Below are some records. Output the lines from the first one through the line that holds "Christmas Tree Table", exactly as written, with no pictures.

*** Supplied information Section Begins ***

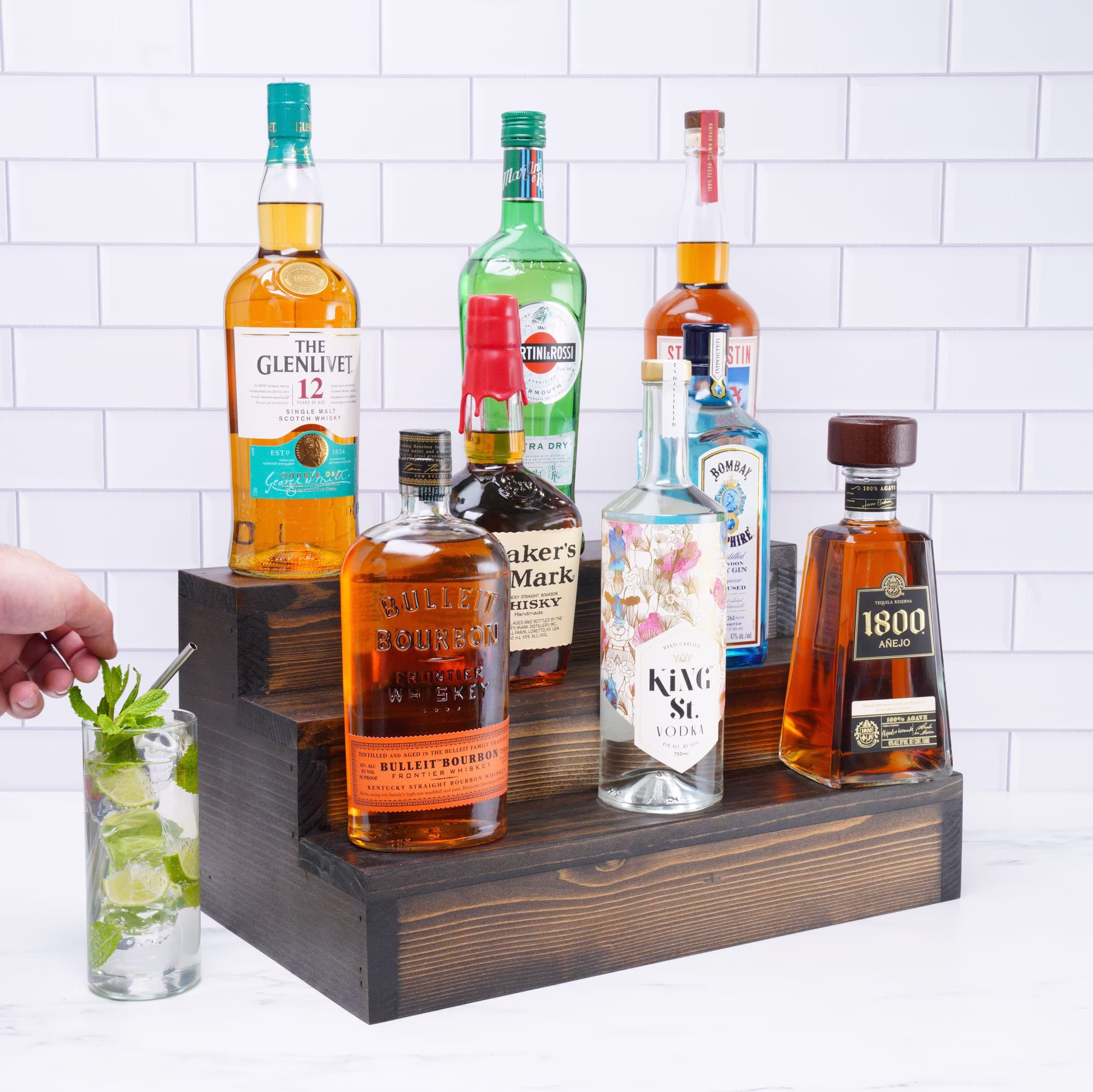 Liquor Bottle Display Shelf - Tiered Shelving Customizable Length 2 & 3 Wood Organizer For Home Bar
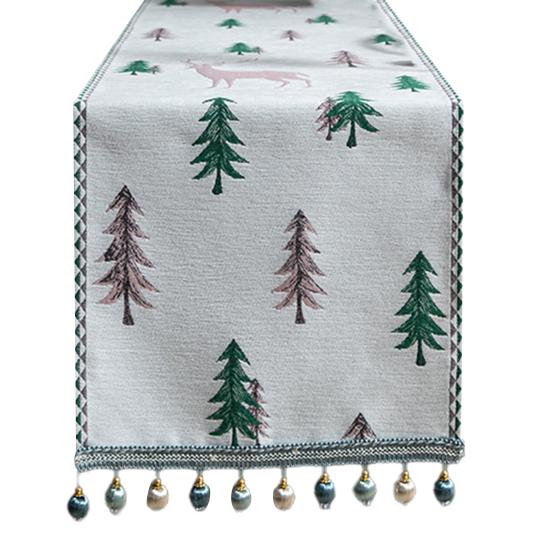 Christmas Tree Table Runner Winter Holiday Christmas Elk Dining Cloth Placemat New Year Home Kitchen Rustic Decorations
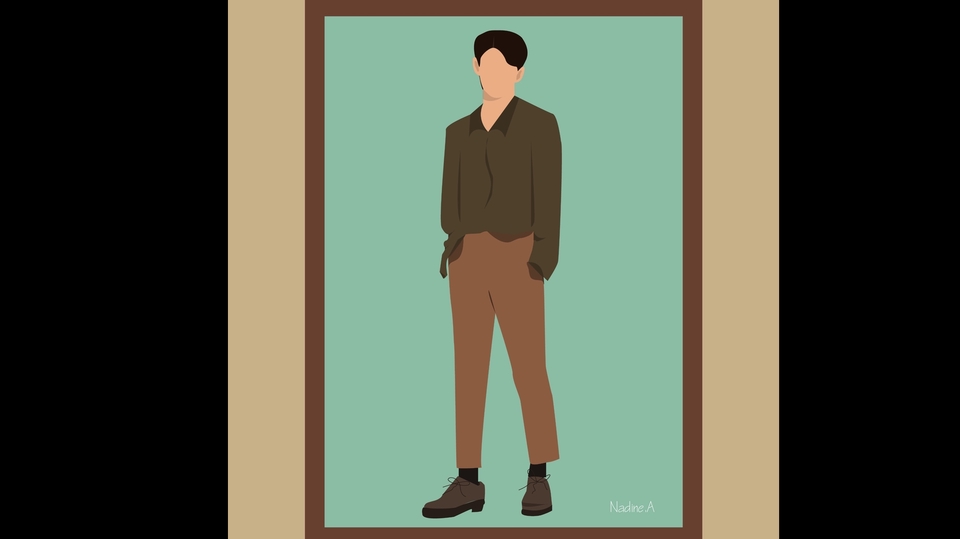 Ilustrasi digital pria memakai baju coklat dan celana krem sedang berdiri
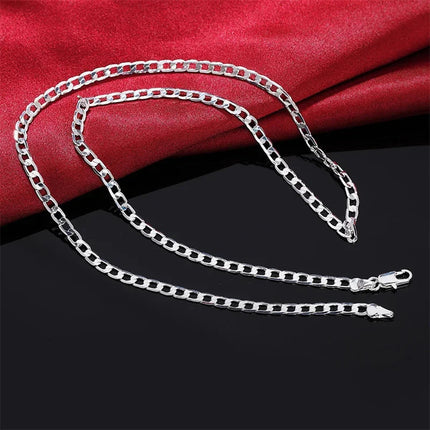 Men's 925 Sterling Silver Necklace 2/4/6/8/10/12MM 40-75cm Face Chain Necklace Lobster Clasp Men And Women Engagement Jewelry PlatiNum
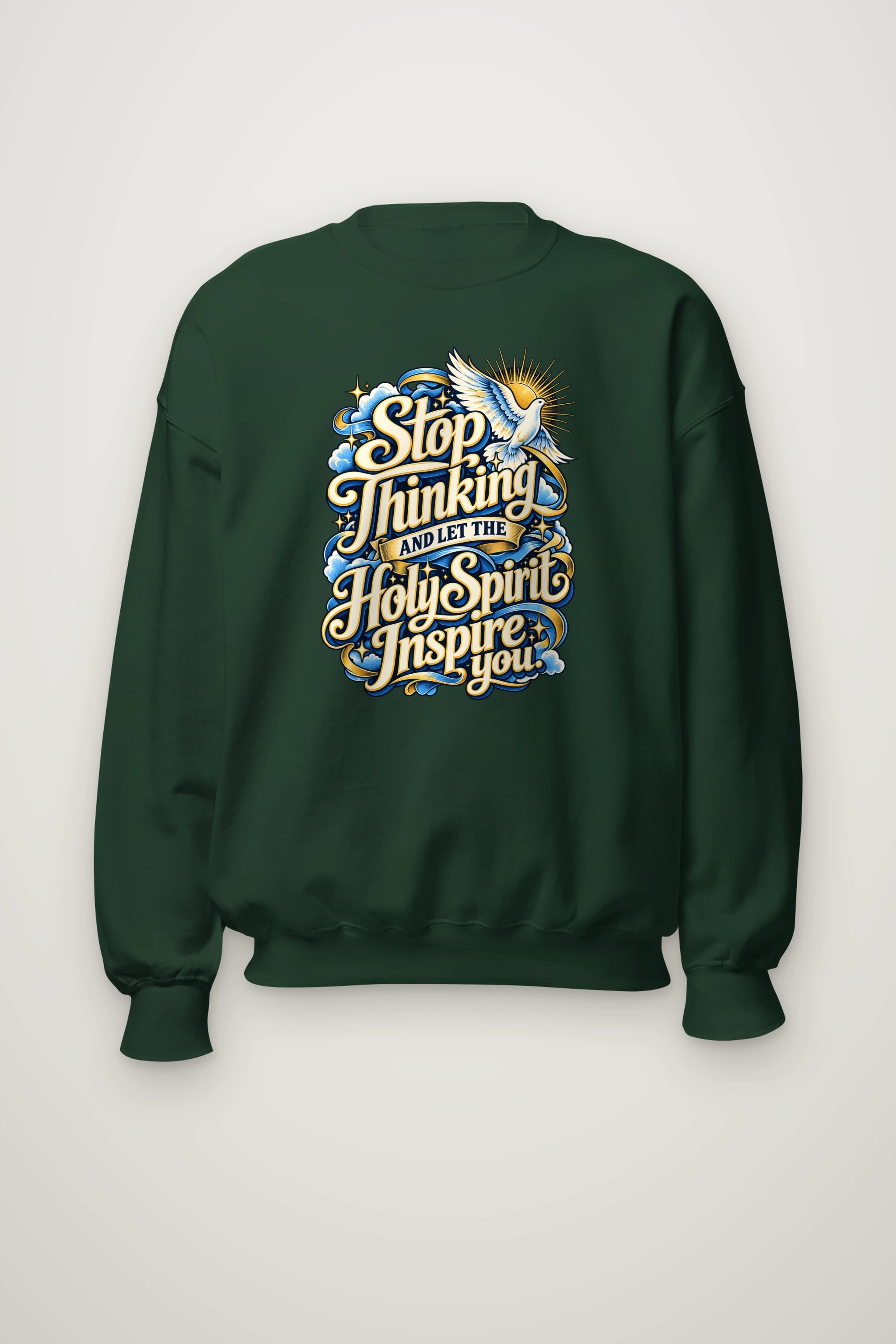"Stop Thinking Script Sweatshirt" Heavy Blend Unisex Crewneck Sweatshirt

*** Supplied information Section Ends ***

Answer to the exercise:
 Liquor Bottle Display Shelf - Tiered Shelving Customizable Length 2 & 3 Wood Organizer For Home Bar
 Christmas Tree Table Runner Winter Holiday Christmas Elk Dining Cloth Placemat New Year Home Kitchen Rustic Decorations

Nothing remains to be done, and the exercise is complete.